Your instructions -
Would you return the data below exactly as it stands, with every picture left out?

Stored data -
▬▬▬▬▬▬▬▬▬▬

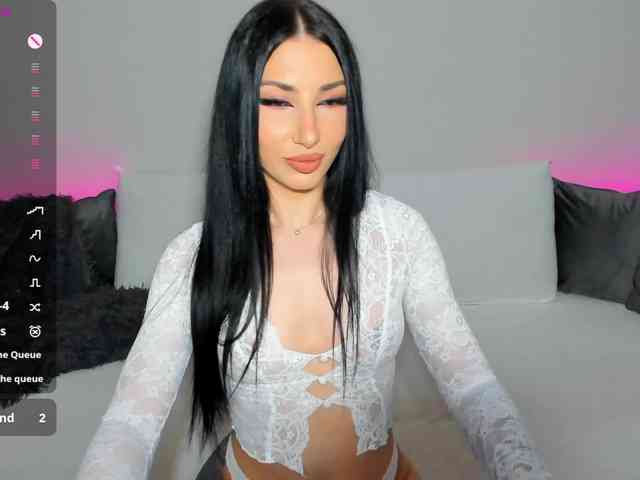 VickyLouna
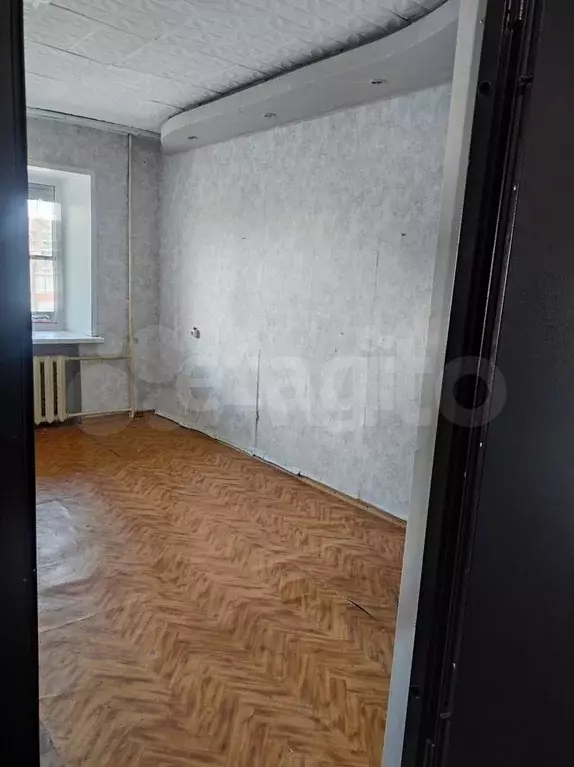 Комната 13 м в 1-к., 5/5 эт. - Фото 1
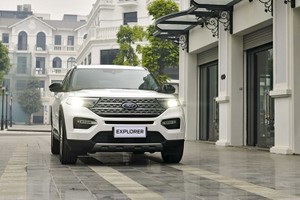 Ford Explorer 2022 về Việt Nam đắt khách, "kênh giá" 300 triệu đồng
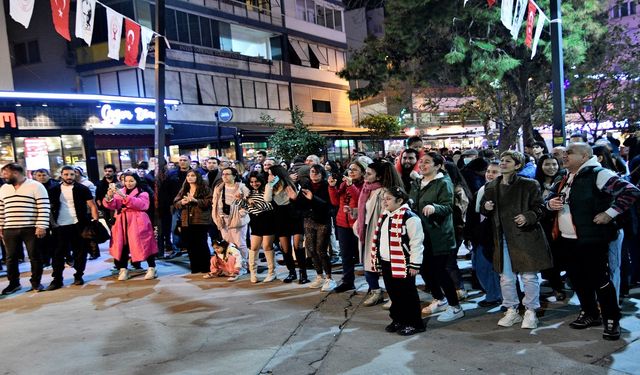 Bornova Küçük Park’ta Yeni Yıl coşkusu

▬▬▬▬▬▬▬▬▬▬

Response area -
 VickyLouna
 Комната 13 м в 1-к., 5/5 эт. - Фото 1
 Ford Explorer 2022 về Việt Nam đắt khách, "kênh giá" 300 triệu đồng
 Bornova Küçük Park’ta Yeni Yıl coşkusu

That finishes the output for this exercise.